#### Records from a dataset
▬▬▬
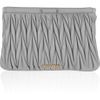 Miu Miu Matelassé Leather Clutch in Gray - Lyst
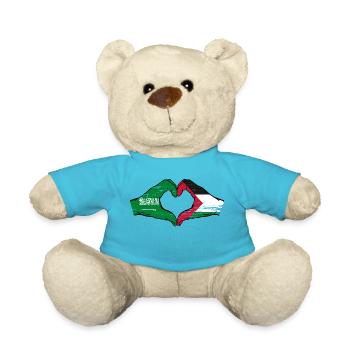 Saudi Arabia Palestine Flag Hands Heart Shape Used - Teddy Bear - atoll blue - Front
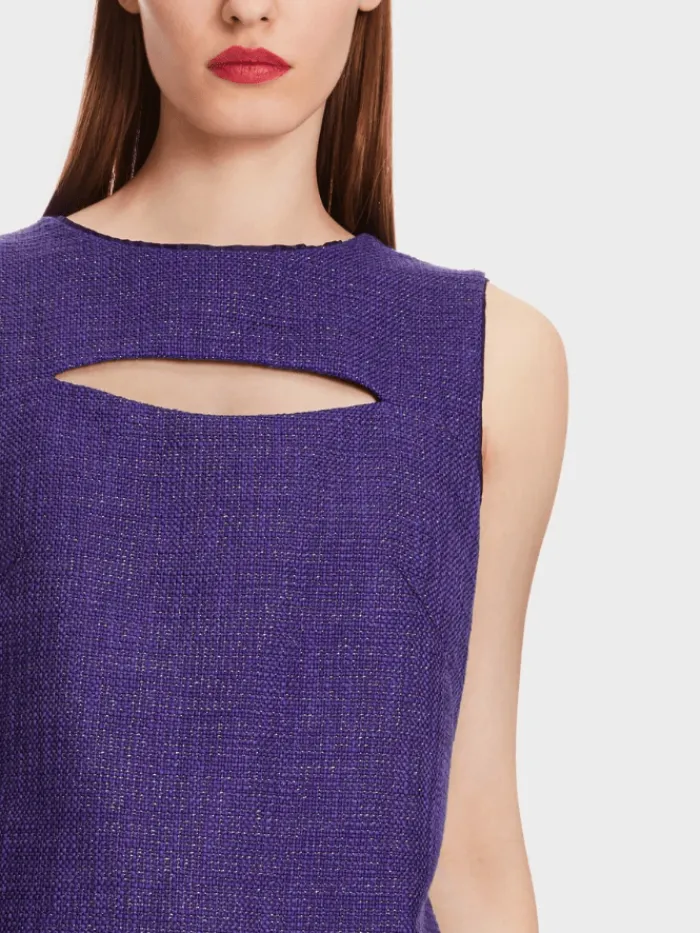 marc_cain_glam_dress_with_3.webp Marc Cain Glam Dresses | Party Wear^Dress With Cut Out In Deep Purple XG 21.09 W08 COL 748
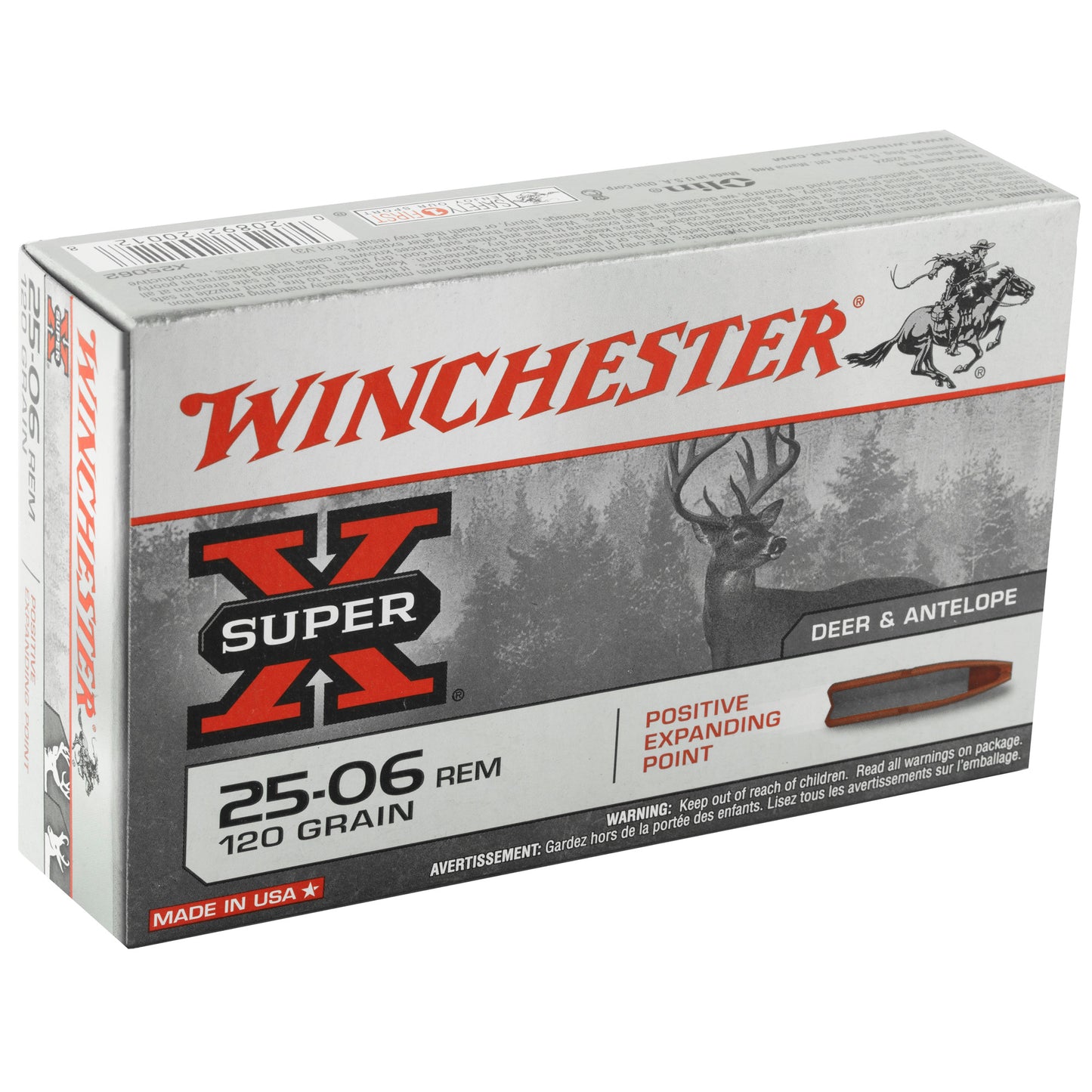 Winchester Ammunition, Super-X, 25-06REM, 120 Grain, Positive Expanding Point  (20 Round Box)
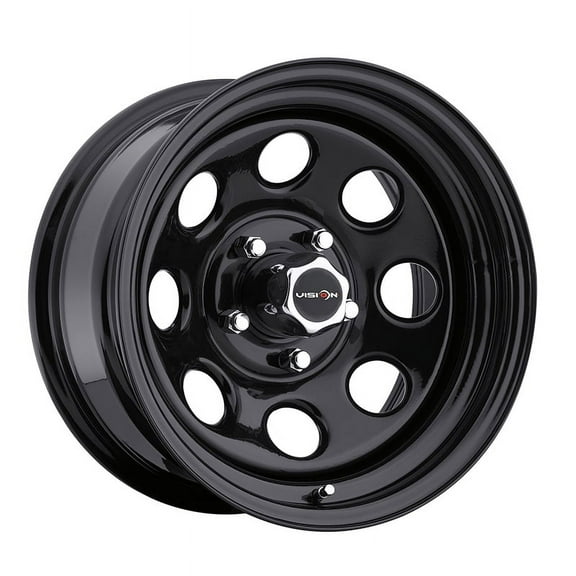 16x7 Vision HD 85H Soft 8 Gloss Black Wheel 5x5.5 (0mm) CAPS SEPARATE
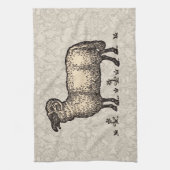 シープラムファームアニマルヴィンテージ キッチンタオル (縦)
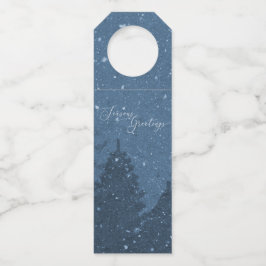 Elegante zakelijke winter sneeuwbomen Blauwe vakan Flessenhanger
▬▬▬
#### Exercise instructions
Restate every record exactly, please; do not copy the pictures.

#### Answer
 Miu Miu Matelassé Leather Clutch in Gray - Lyst
 Saudi Arabia Palestine Flag Hands Heart Shape Used - Teddy Bear - atoll blue - Front
 marc_cain_glam_dress_with_3.webp Marc Cain Glam Dresses | Party Wear^Dress With Cut Out In Deep Purple XG 21.09 W08 COL 748
 Winchester Ammunition, Super-X, 25-06REM, 120 Grain, Positive Expanding Point  (20 Round Box)
 16x7 Vision HD 85H Soft 8 Gloss Black Wheel 5x5.5 (0mm) CAPS SEPARATE
 シープラムファームアニマルヴィンテージ キッチンタオル (縦)
 Elegante zakelijke winter sneeuwbomen Blauwe vakan Flessenhanger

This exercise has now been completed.